Keywords

1 Introduction

Due to the rapid development in science and industry, manufacturing systems are designed with a higher degree of autonomy with the help of different technologies. To increase productivity and long term competitiveness, companies rely on robots for automated handling and manufacturing tasks with light force requirements as well as AGVs for peripheral logistic processes. Manufacturing systems with multiple machines and one or more corresponding robots are called robotic cells [1]. As of right now, the robots are mostly used for material handling such as loading/unloading parts. AGVs on the other hand are used to transport raw material, finished parts or tools. To efficiently deploy these resources, comprehensive scheduling algorithms are needed which found an increasing interest and growth over the last years. Scheduling algorithms, in particular for the job-shop problem (JSP) are needed when multiple jobs and several tasks in a job need to be scheduled on multiple machines or resources [2]. Generally it can be stated, with higher degree of autonomy in a production system, it is more important to have a powerful scheduling approach to increase the efficient utilization of cost-intensive machine tools, robots and AGVs, see also [3].

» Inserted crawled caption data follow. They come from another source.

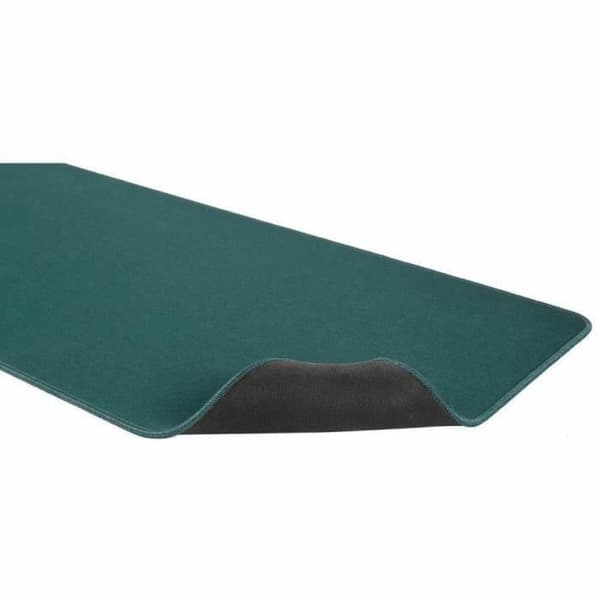 Hiirimatto Yenkee YPM 9040GN Musta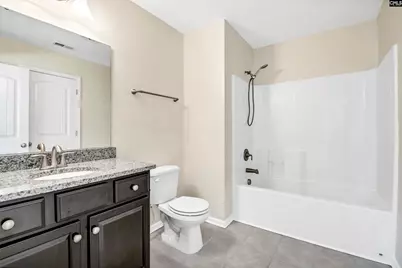 1464 Red Sunset Lane, Blythewood, SC 29016 - Photo 66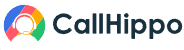 Callhippo Coupons and Promo Code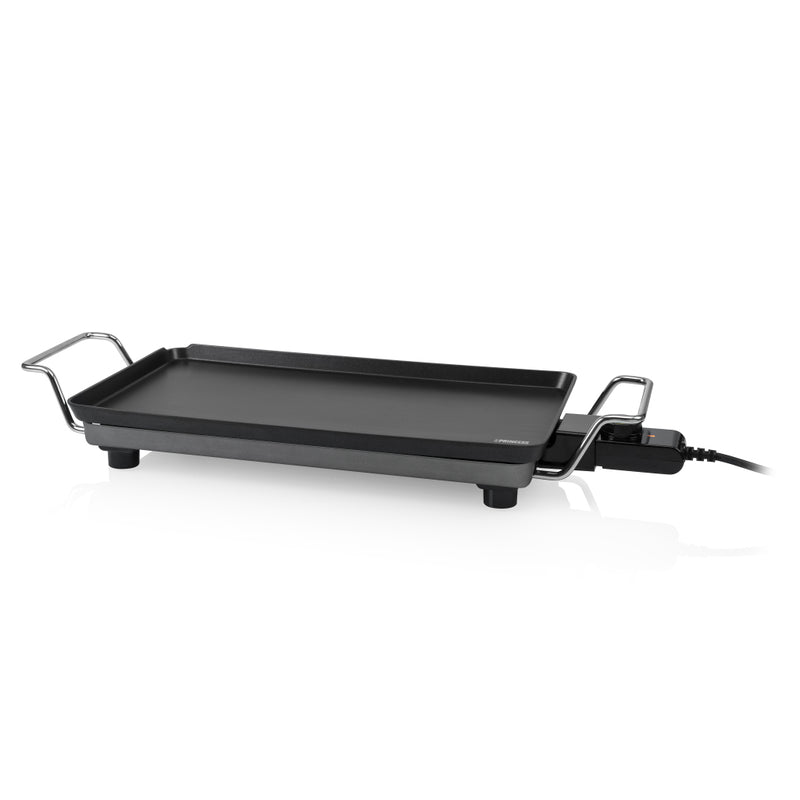 Load image into Gallery viewer, Princess table chef pro classic 46x26 cm | 4 stuks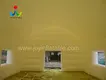 fun inflatable bounce house supplier for kids1 4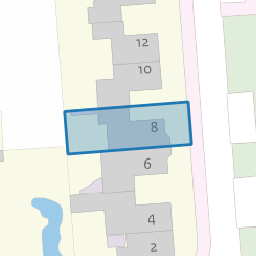 Perceel AML01-N-1372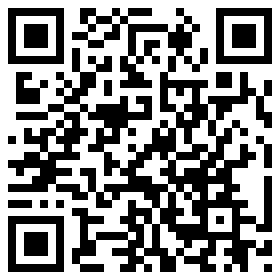 qrcode für DIGITUS DN-37105 Wandgehäuse 9HE schwarz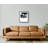 # 1 par Simona Gocan - Peinture-65850513-65825650
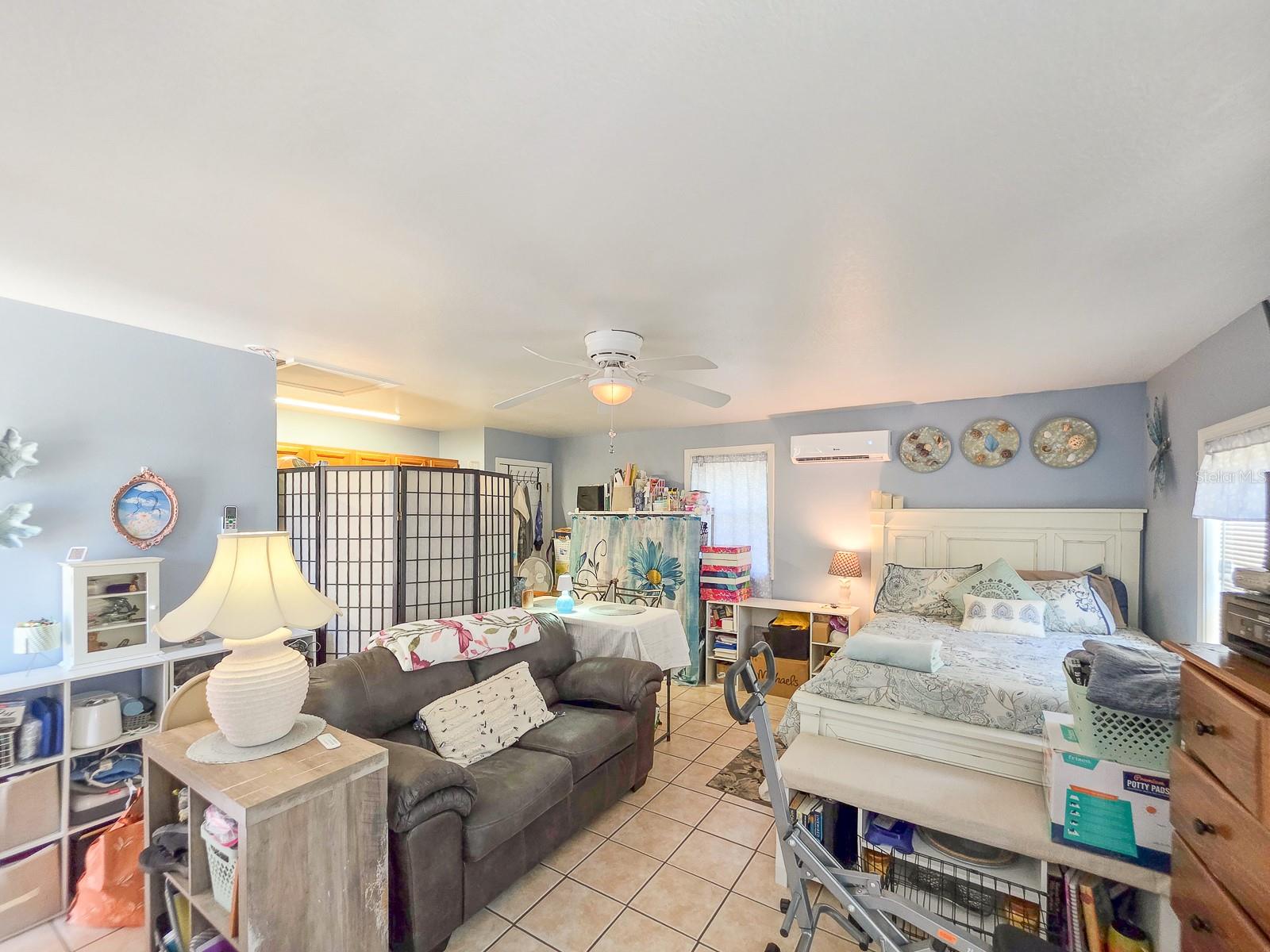 121 E PALM WAY, EDGEWATER, FL, 32132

In the past decade, there have been many attempts to schedule multiple machines with matheuristics as seen in [4]. The authors contribution revolved around the scheduling of jobs with set tool requirements. While considering release times, due dates and different tool requirements the goal was to minimize the tardiness of operations and tool setup time. To solve this problem, they provided a new matheuristic that combines genetic algorithm and integer linear programming formulation. Another matheuristic to solve multi-objective jobshop-problems was proposed by [5]. Here, the application of job-shop scheduling (JSS) was centered around a robotic cell. As mentioned before, the purpose of the robot is to handle material between machines or different work stations. Considering that, the authors came up with a Teaching Learning Based Optimization algorithm that aims to minimize makespan and the total earliness and tardiness. The same approach of employing a robot to handle material between multiple machines is shown by [6]. Nonetheless, robots in production cells can not only be used for material handling. As seen in [7], robots can also perform collaborated tasks, especially if there is downtime between material handling jobs. To acquire these so called “robot-collaborated processes” (RCP), the authors lean into Tabu Circulatory Time Point algorithms. While considering different constraints, the algorithm optimizes the order in which the robot can move.

Creating an optimization algorithm requires various data and constraints. These, in the case of the JSP, stem from different levels of automation in a company and various systems in the actual engineering and production IT-environment. In Fig. 1 the vertical and horizontal automation levels are shown.

Fig. 1.
figure 1

Vertical and horizontal automation levels

Within the vertical integration, the data are provided by functional organizations inside a company while the horizontal integration focuses on the value adding chain. In sustainable companies the IT landscape should be embedded in a product-lifecylce-management software. Nonetheless, the reality shows data format breaks are present and various data sources for machine capacity, available tools, customer jobs and tasks from work plans are needed for a scheduling algorithm for highly autonomous manufacturing systems [8]. In this paper, an approach is demonstrated on how to schedule both, jobs and their corresponding tasks. The first part is to schedule the superordinate jobs in regards to tool management. The aim is to reduce changeover time of multiple robotic cells which undergo tool change provided by an AGV. The second part is to schedule subordinate tasks of each job to contemplate for the possibility of robot-collaborated processes.

2 Problem Definition and Scheduling Model

This section provides insight into the current manufacturing setup and how the machinery is established. Additionally, two of the main problems that emerge from these robotic cells will be explained and how they affect the selection of scheduling methods. At last, the chosen scheduling model will be elaborated.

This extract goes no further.